Mr. Speaker, I thank the member for Brampton East for his speech. We have taken a few flights together to Toronto.
As the member mentioned, it has been a theme today of the student loan and grant provisions in the budget. However, I wonder if he can comment on the Federal Reserve Bank of New York report that was written not too long ago. July 2015 was the revised edition, and in March 2016, there was Staff Report No. 733, which studied the relationship between the federal U.S. student loan program and how it actually contributed to increasing tuition costs in the United States.
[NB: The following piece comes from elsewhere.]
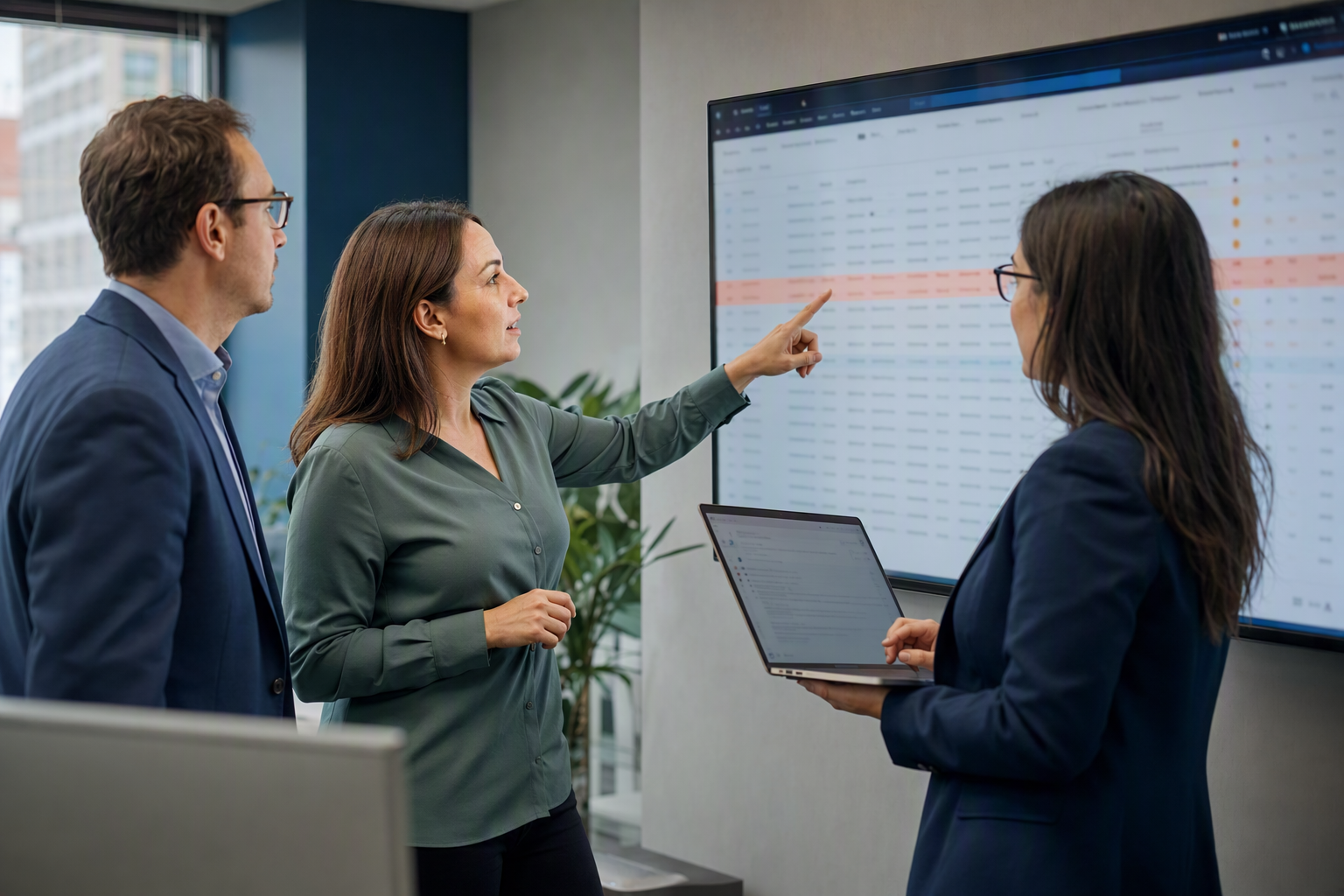 Trois professionnels de la finance et des TI examinant une file d’exceptions dans un flux de travail ERP sur un grand écran dans un bureau québécois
The relationship it found was that the subsidized loan effect is most pronounced for the most expensive degrees offered by private institutions, two-year degrees, and vocational programs.
We are trying to help students by paying for their education, but this is the latest data coming out of the United States where they provide significant contributions through loan and grant programs. I have a U.S. master's degree, and I am familiar with how expensive it is to get a post-secondary education there.
However, for these types of programs, when we increase them, the correlation is that we increase the cost of the programs of post-secondary institutions. In this case, the Federal Reserve Bank of New York found that the relationship was mostly between expensive programs, vocational programs, and two-year programs.
Therefore, is the effect of this increase in the budget going to be that program costs in Canada might actually start going up in relation to how much they are being subsidized? I would like to hear the member's comments on this.